Start of Block

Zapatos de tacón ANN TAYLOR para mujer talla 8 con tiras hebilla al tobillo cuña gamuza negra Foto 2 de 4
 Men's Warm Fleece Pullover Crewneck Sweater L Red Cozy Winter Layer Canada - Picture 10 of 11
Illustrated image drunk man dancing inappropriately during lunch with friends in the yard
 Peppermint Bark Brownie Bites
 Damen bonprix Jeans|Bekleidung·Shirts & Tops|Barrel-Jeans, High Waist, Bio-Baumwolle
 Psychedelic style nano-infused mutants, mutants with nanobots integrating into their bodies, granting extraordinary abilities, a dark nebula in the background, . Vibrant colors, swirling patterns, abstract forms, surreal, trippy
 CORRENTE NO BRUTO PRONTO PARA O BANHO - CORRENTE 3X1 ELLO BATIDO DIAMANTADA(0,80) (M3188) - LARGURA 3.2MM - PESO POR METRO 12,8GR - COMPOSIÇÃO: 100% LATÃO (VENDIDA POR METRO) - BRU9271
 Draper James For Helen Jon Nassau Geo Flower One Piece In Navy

End of Block

What is expected:
Please return the full listing exactly as it appears.

Your solution:
Zapatos de tacón ANN TAYLOR para mujer talla 8 con tiras hebilla al tobillo cuña gamuza negra Foto 2 de 4
 Men's Warm Fleece Pullover Crewneck Sweater L Red Cozy Winter Layer Canada - Picture 10 of 11
Illustrated image drunk man dancing inappropriately during lunch with friends in the yard
 Peppermint Bark Brownie Bites
 Damen bonprix Jeans|Bekleidung·Shirts & Tops|Barrel-Jeans, High Waist, Bio-Baumwolle
 Psychedelic style nano-infused mutants, mutants with nanobots integrating into their bodies, granting extraordinary abilities, a dark nebula in the background, . Vibrant colors, swirling patterns, abstract forms, surreal, trippy
 CORRENTE NO BRUTO PRONTO PARA O BANHO - CORRENTE 3X1 ELLO BATIDO DIAMANTADA(0,80) (M3188) - LARGURA 3.2MM - PESO POR METRO 12,8GR - COMPOSIÇÃO: 100% LATÃO (VENDIDA POR METRO) - BRU9271
 Draper James For Helen Jon Nassau Geo Flower One Piece In Navy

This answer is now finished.